As Commissioner Brian D. Quintenz comes to the end of his five-year term at the Commodity Futures Trading Commission (CFTC), he has announced that he will not seek renomination for another term and will subsequently leave in October this year – unless a suitable successor is confirmed earlier.

The CFTC released a statement last Tuesday 28th April where the Commissioner stated: “Since joining the agency, I have strived to build my Commissionership on three broad themes:  ensuring the Commission is focused on risks, with rules appropriately tailored to those risks; embracing the rapid advancement of technology and innovation in finance; and working for enhanced coordination and deference among domestic and international regulators.”

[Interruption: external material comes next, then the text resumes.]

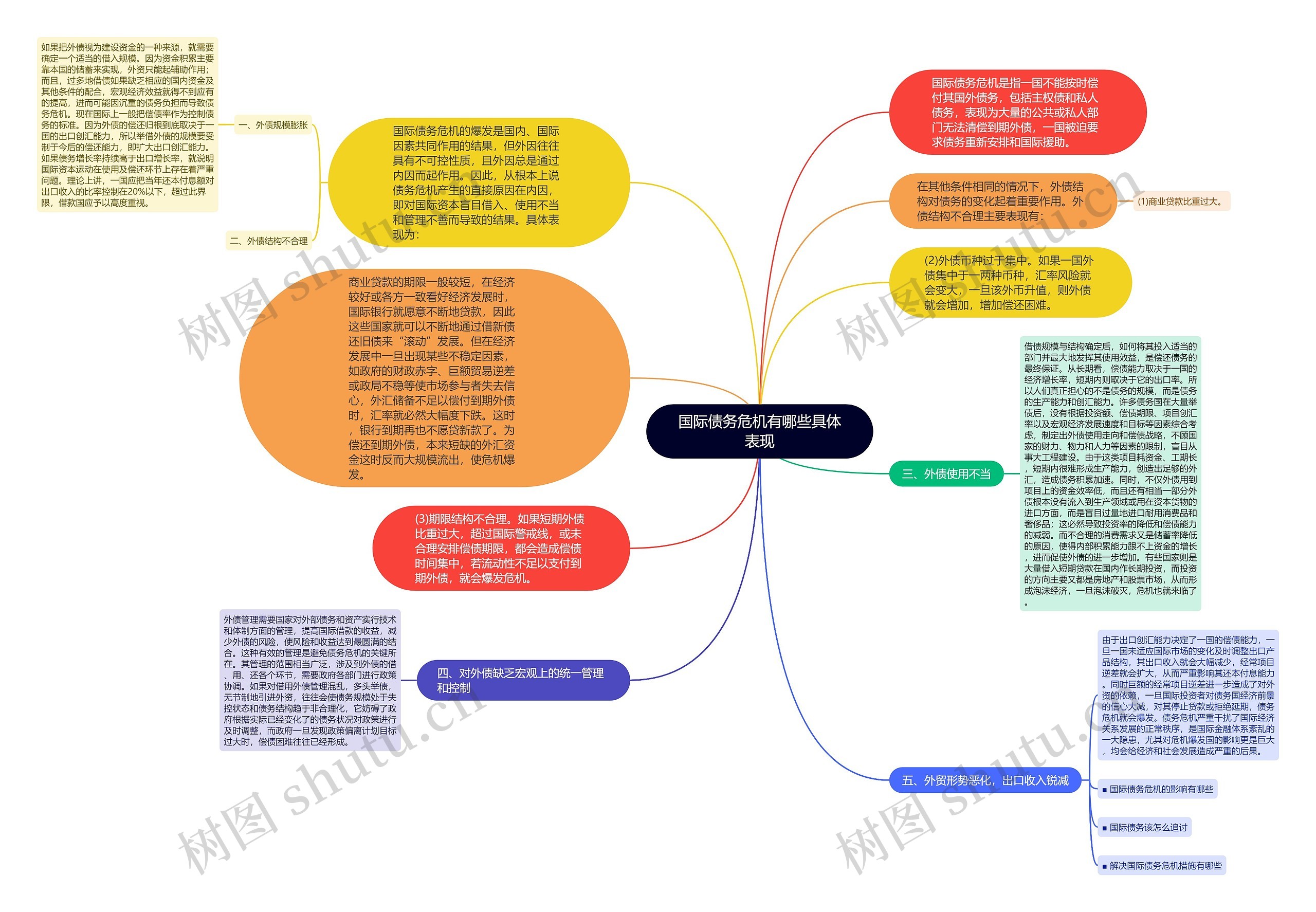 国际债务危机有哪些具体表现思维导图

Following a successful start in August 2017, Commissioner Quintenz was known for ensuring that the CFTC focused robust efforts on identifying key risks in the derivatives markets and appropriately forming targeted responses. Furthermore, the Commissioner became the sponsor of the CFTC’s Technology Advisory Committee (TAC) which largely remained undeveloped prior to his post. A period of significant changes in technology over the course of half a decade has propelled the CFTC to acknowledge these advances in the global community and actively move in tandem with these developments through the TAC. The launch of the first Bitcoin Futures Contracts in December 2017, coupled with the development CFTC’s independent research wing (LabCFTC) and defining what actual ‘delivery’ means for crypto assets, have all been advanced by the CFTC.

Commissioner Quintenz stated: “I’ve been particularly honored to sponsor the CFTC’s Technology Advisory Committee (TAC), where we’ve had the opportunity to explore the extraordinary technological renaissance transforming our financial markets.”